E isso é parte do que caracteriza um momento de financeirização da economia. Ou seja, você acumula na esfera financeira valores que não vão jamais se realizar na esfera real. A crise vem pra, digamos assim, aproximar essa coisa. Dentro de algo mais factível. O que esses setores que detém esses papéis estão fazendo? Criando mecanismos para que o orçamento público absolva esses papéis, fiquem com esse prejuízo, vão socializar o seu prejuízo. Foi assim na Grécia. Maria Lucia Fattorelli, que é a coordenadora nacional da Auditoria Cidadã, que fez a auditoria na Grécia, disse que isso foi um grande cassino que fizeram pra cima da Grécia. Essa história de que os gregos estavam vivendo acima de suas possibilidades é mentira, balela.

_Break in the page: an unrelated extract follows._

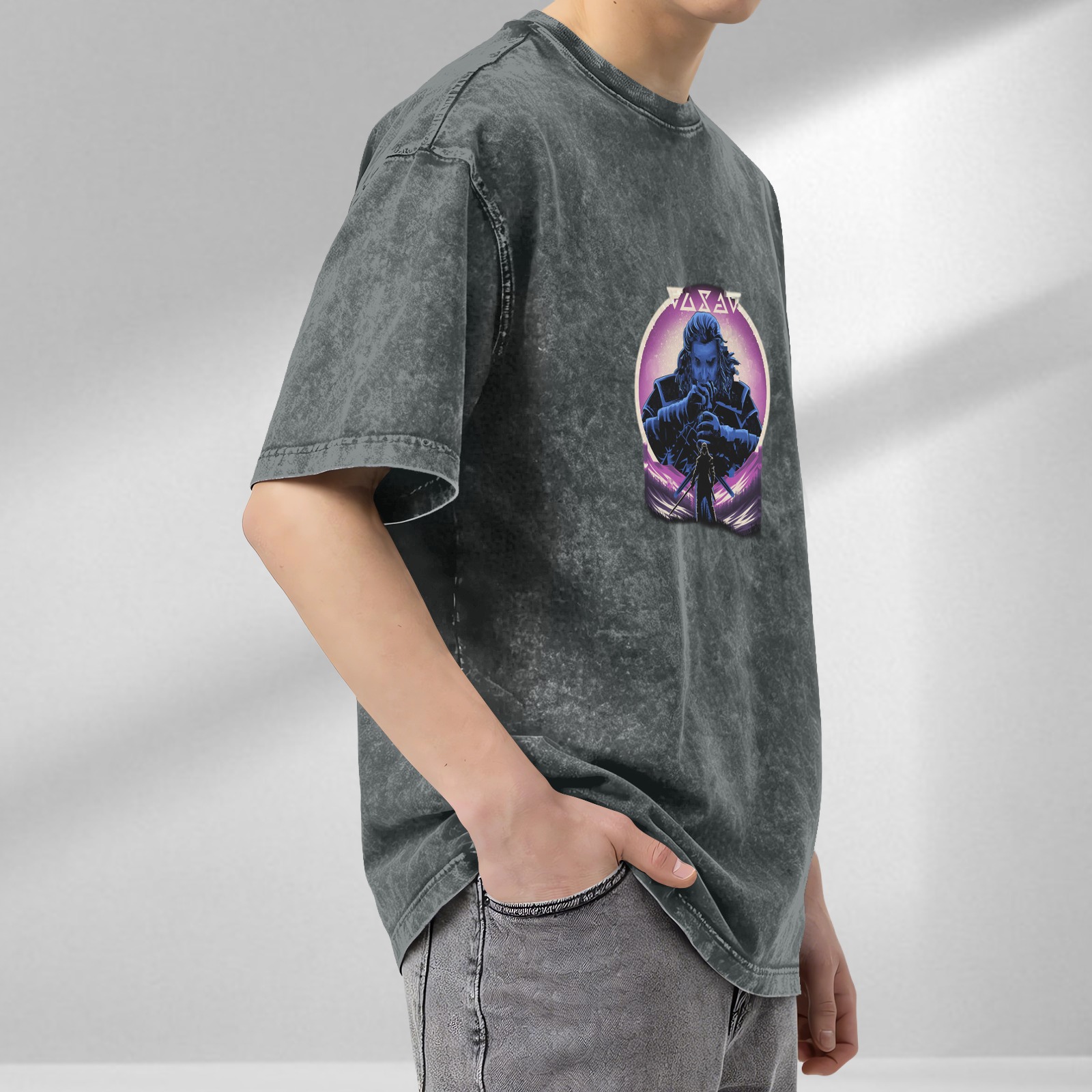 Viking Warrior Graphic Stonewashed T-Shirt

O que aconteceu foi que os bancos privados gregos, que estavam embricados naquela crise de 2008, 2009, trataram de repassar para o orçamento público o seu prejuízo. A dívida pública aumentou estrondosamente. E aí depois os caras vieram dizer que a Grécia estava vivendo acima de suas possibilidades, estava gastando mais do que arrecadava. Aliás, quando alguém vier dizer que as finanças de um Estado, que o orçamento do Estado tem que ser que nem o orçamento de uma família, vocês botem um carimbo na testa do cara: “mentiroso”. Isso não funciona assim, isso não é verdade.
JS: Isso já comprova que temos uma imprensa mentirosa. Porque essa é a primeira comparação que eles fazem, né?
Josué Martins: Sim, mas eles se apoiam em teoria econômica. Tem teoria econômica que diz isso. É ideologia, isso. Isso não é ciência, entende? E é uma ideologia para atender aqui, de novo, a ideia da austeridade. É isso que acontece nesse momento da financeirização da economia mundial. Esses setores que detém a parte substancial da riqueza vão criando mecanismos pra tentar se manter nessa condição. E são mecanismos que não tem nada a ver com ampliar a produção de riqueza. E ao não ampliar a produção de riqueza, o que ele faz? Ele não emprega, ele não cria um desenvolvimento econômico. E aí ele não consegue ter uma coesão, mesmo dos setores menos favorecidos da sociedade, no sentido de ver, no que está acontecendo, uma esperança para o futuro. Ele olha para o futuro e não vê nada. Então isso é convulsão certa. E isso não é a primeira vez que acontece na história mundial. Tem estudiosos que mostram, que fazem um estudo da chamada longa duração, que vão estudar lá quando o capitalismo nasceu. E é isso, o capitalismo é uma sociedade datada. Tem um momento em que nasceu e vai acabar. Como outras formas da humanidade se organizar ruíram. Aí os caras pegam e mostram que na passagem do domínio de uma nação central para outra, nesse momento, a economia tem um funcionamento semelhante ao que nós temos agora, de financeirização, de acúmulo de riqueza essencialmente na esfera financeira. Foi assim na passagem da Holanda para a Inglaterra, foi assim da Inglaterra para os Estados Unidos, com a crise de 1930, e está sendo assim nesse momento em que se contesta também a hegemonia norte-americana. O que eles têm dito, e estou falando aqui do Immanuel Wallerstein, do Giovanni Arrighi, é que a gente pode estar enfrentando não apenas uma crise de hegemonia da nação central, mas uma crise sistêmica mais profunda, de final de um sistema. E aí é um momento de desestruturação muito grande, e essa desestruturação pode resultar em algo novo melhor, ou não. Isso vai depender das forças em disputa e da capacidade de a gente organizar essas forças em uma direção.